■ **What to work on**:
The entries below contain pictures, which are to be left out; write out exactly, and only, the lines from the line with "514 - Bahraini Pendant Set" up to and including the line with "Trump says 'stepping".

■ **Task data**:
—————

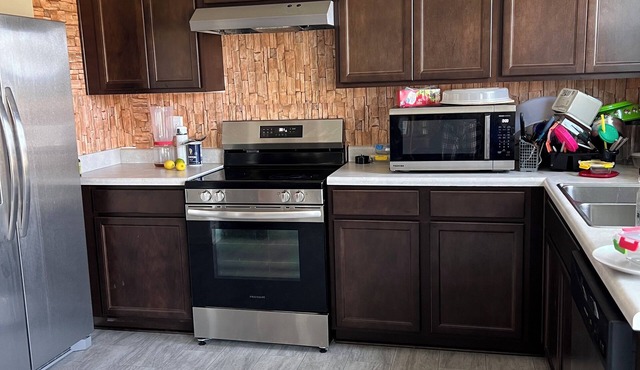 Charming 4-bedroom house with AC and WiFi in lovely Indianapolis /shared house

—————

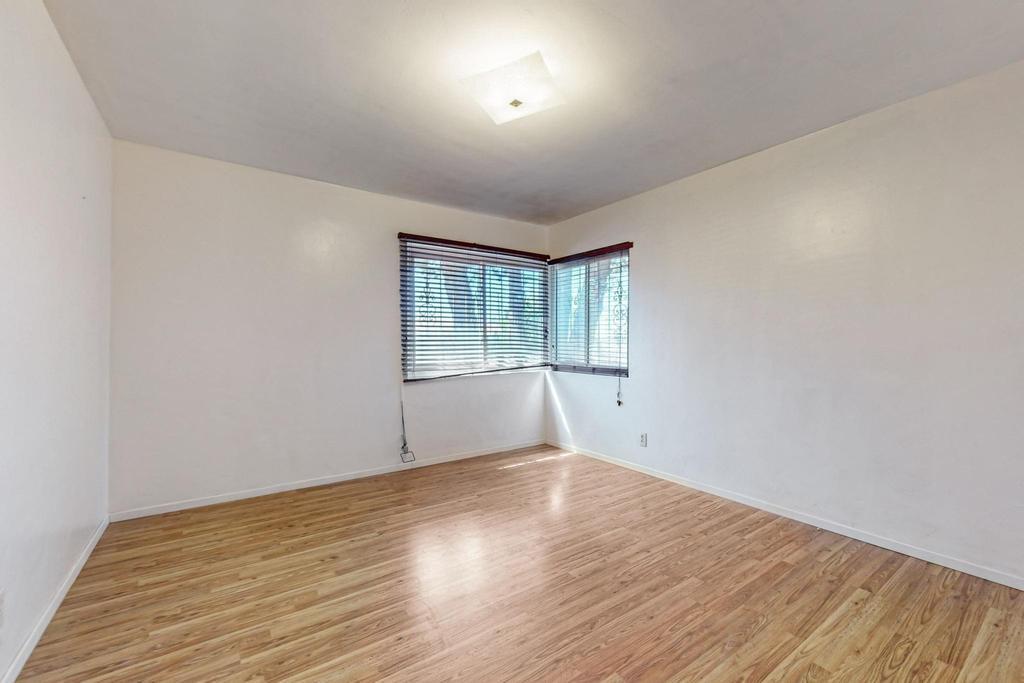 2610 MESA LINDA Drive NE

—————

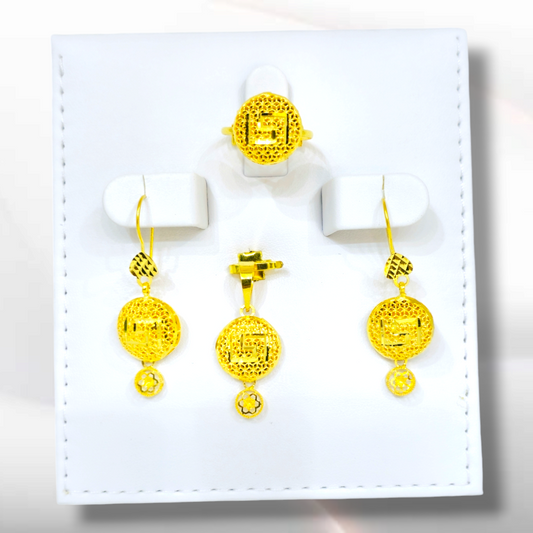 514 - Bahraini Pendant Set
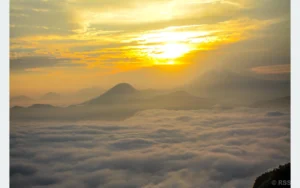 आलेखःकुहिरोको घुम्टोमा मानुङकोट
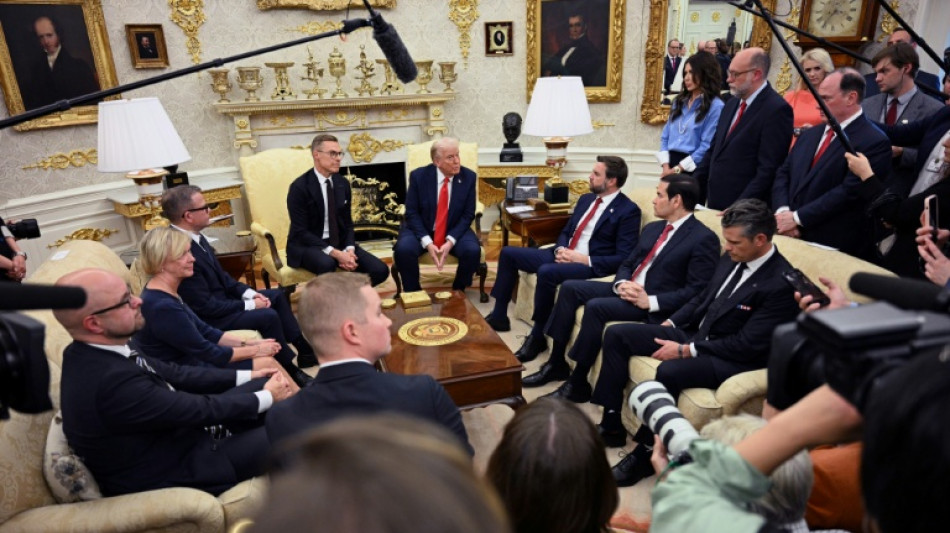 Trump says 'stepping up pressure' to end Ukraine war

—————

■ **Exercise response**:
 514 - Bahraini Pendant Set
 आलेखःकुहिरोको घुम्टोमा मानुङकोट
 Trump says 'stepping up pressure' to end Ukraine war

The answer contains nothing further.